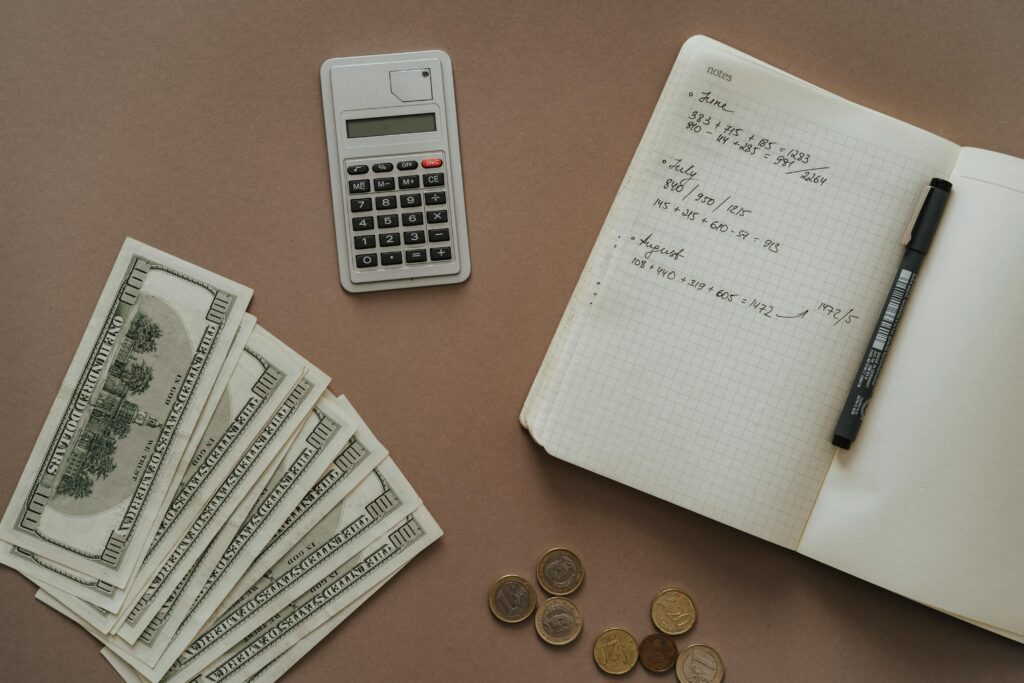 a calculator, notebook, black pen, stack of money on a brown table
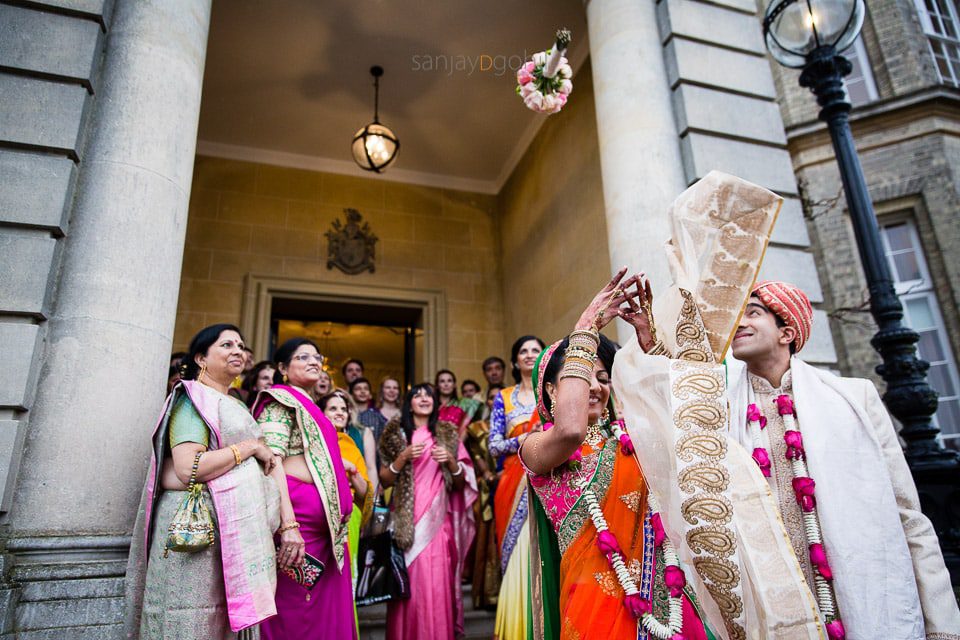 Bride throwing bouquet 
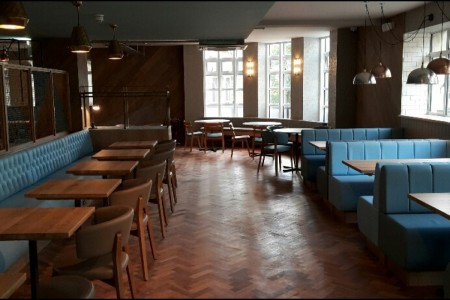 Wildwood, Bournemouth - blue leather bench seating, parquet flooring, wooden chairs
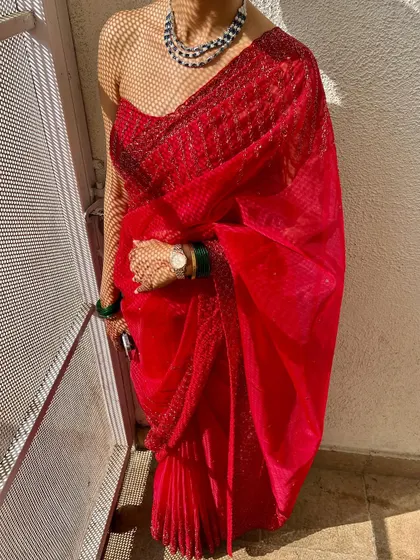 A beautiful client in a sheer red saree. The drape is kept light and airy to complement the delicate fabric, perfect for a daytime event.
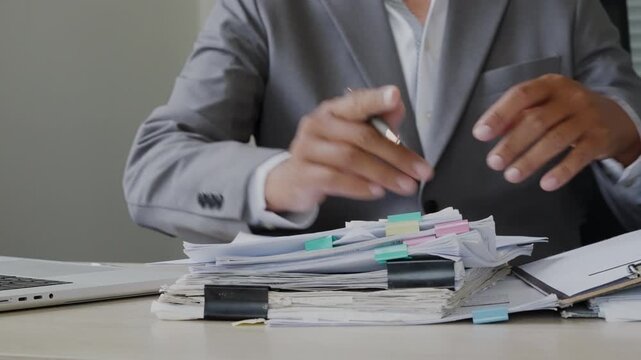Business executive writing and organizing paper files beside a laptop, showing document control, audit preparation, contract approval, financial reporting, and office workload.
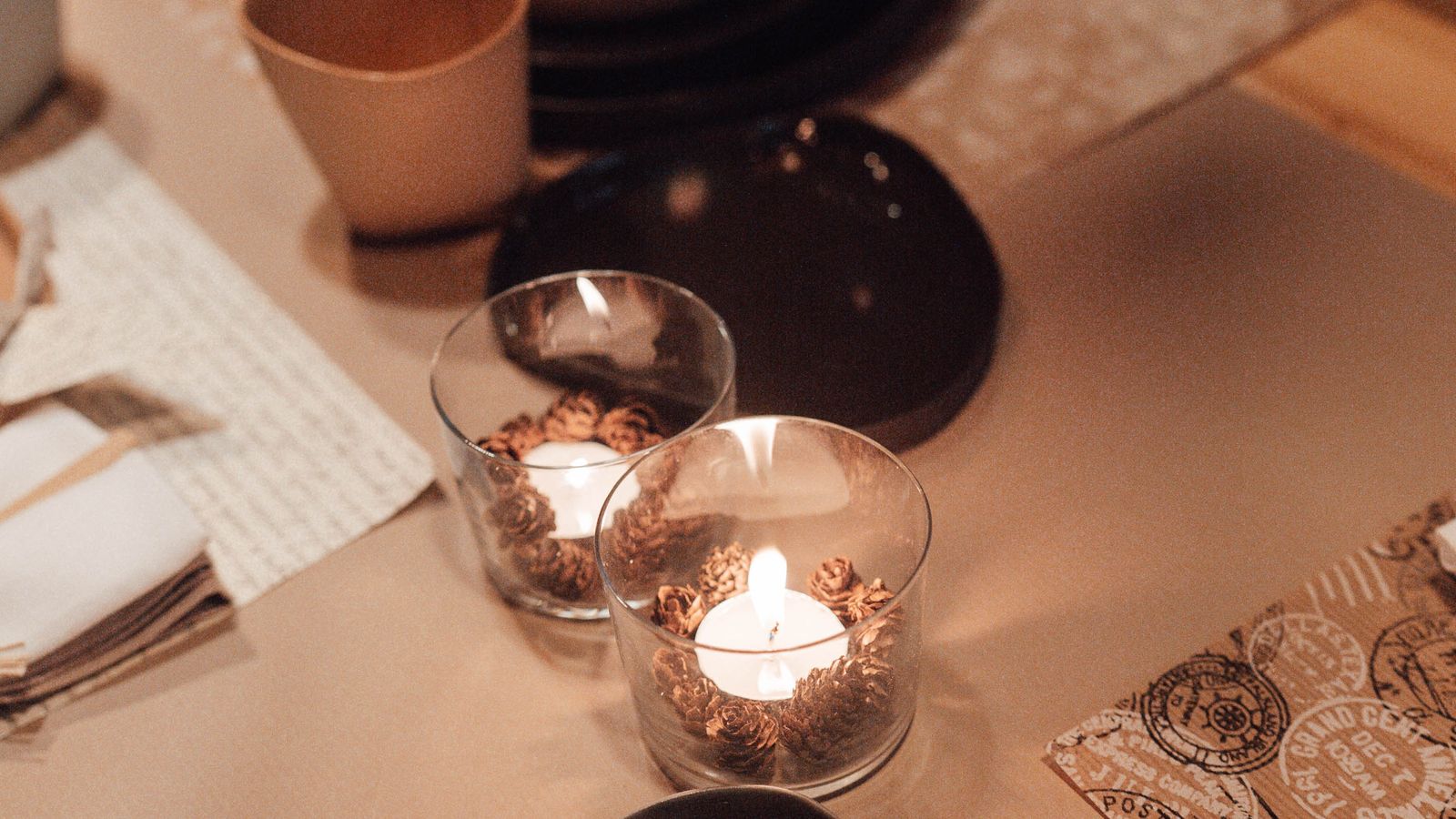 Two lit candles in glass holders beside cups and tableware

┄┄┄┄┄┄┄┄┄┄

Exercise requirements -> In the records above, find the line containing "Business executive writing". Reproduce it and every line after it through the last line, omitting pictures.

The answer ->
Business executive writing and organizing paper files beside a laptop, showing document control, audit preparation, contract approval, financial reporting, and office workload.
 Two lit candles in glass holders beside cups and tableware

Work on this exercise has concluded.